A U.S.-led war threatens all that, however -- or at least it does in the minds of French and Russian officials.

Under the scenarios being discussed, a U.S.-controlled government could conceivably run Iraq for as long as two years after the bombing stops. France and Russia, it seems, fear and loathe the prospect of the U.S. exerting such decision-making power in postwar Iraq because they could be cut out of the business opportunities that rise from the ruins of Baghdad. Meanwhile, the fate of their oil contracts, inked as they were with Saddam Hussein’s regime, would be in doubt.

But such a view is, in many ways, misguided.

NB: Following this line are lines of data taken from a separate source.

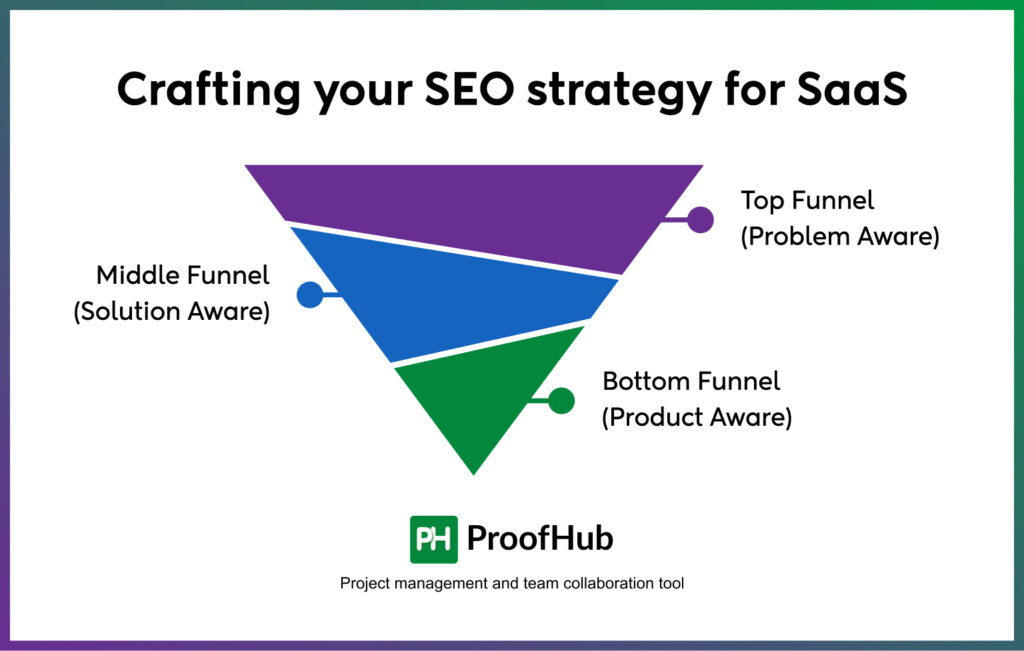 SEO strategy for SaaS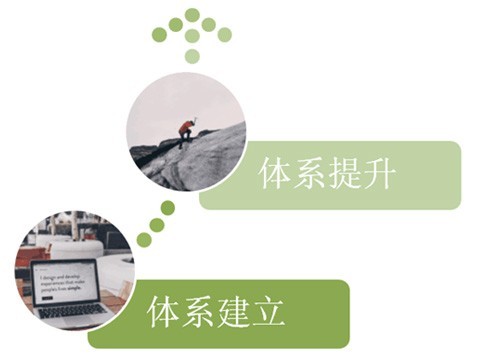 計算機(jī)化系統(tǒng)驗證（CSV）服務(wù)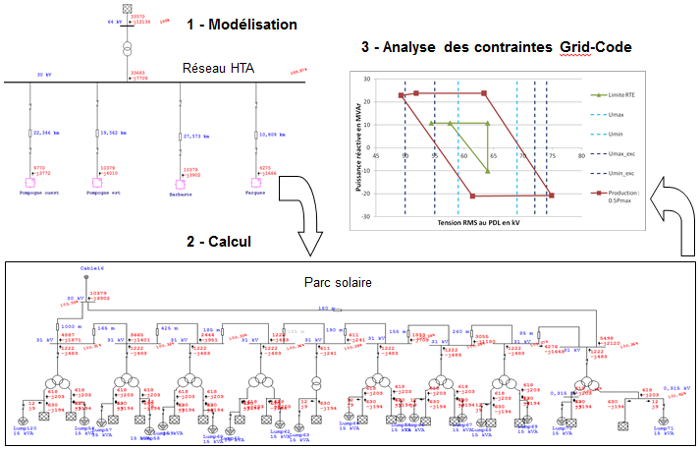 Study of connection of a photovoltaic park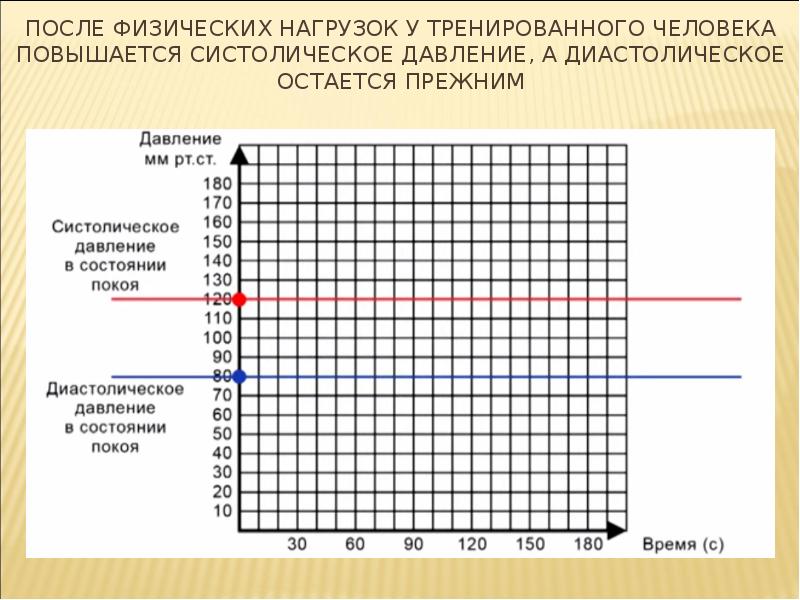 После похода в туалет давление повышается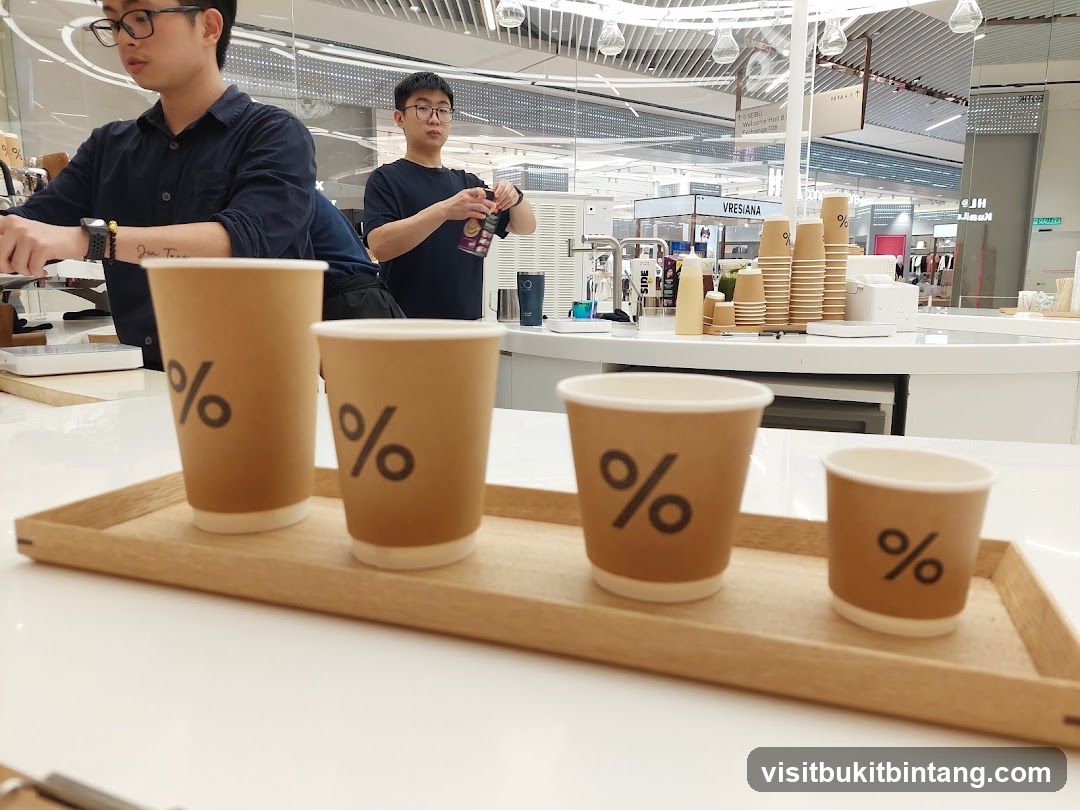 Coffee Cups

The scope of the reconstruction to be tackled after Hussein is ousted is so large, even an economic powerhouse such as the U.S. can’t do it alone. The Baker Institute at Rice University foresees as much as $100 billion of work in the next three to five years in Iraq because basic water, electric power and other services have been devastated over two decades by the war with Iran, the Persian Gulf War and simple neglect. A fresh round of missile attacks by U.S. and British forces obviously would devastate the country’s infrastructure all the more.

With that much rebuilding to accomplish, the chance of an American monopoly is virtually nil. Sure, an engineering firm such as Black & Veatch Inc. of Kansas City, Mo., may become a leading bidder for developing water systems in Iraq. But it’s likely to be given a run for its money by French firms Suez and Vivendi Environnement. Nobody is going to have a lock on all the contracts.

Deals for putting in roads and bridges, hospitals and schools could go immediately to U.S. engineering companies Fluor Corp., Parsons Corp. and AECom Inc. Those companies already are in the area, maintaining U.S. military camps and other facilities in Kuwait. But there also is an urgent need for $20 billion worth of electrical power plants to be erected across California-size Iraq. Siemens of Germany and ABB Group of Switzerland will be among the leading bidders for such projects.

Iraq’s main seaport, Basra, has been blocked for almost 20 years. Port builders from the Netherlands, Denmark and Japan are bound to be recruited to reopen the waterway as an aid to restoring Iraq’s non-oil economy, which used to provide the bulk of its exports.

For the $2 billion worth of projects to build a cellular telecommunications system for Iraq, Motorola Inc. is likely to be a bidder. But it will be battling for contracts with Sweden’s L.M. Ericsson, Finland’s Nokia and, of course, Alcatel.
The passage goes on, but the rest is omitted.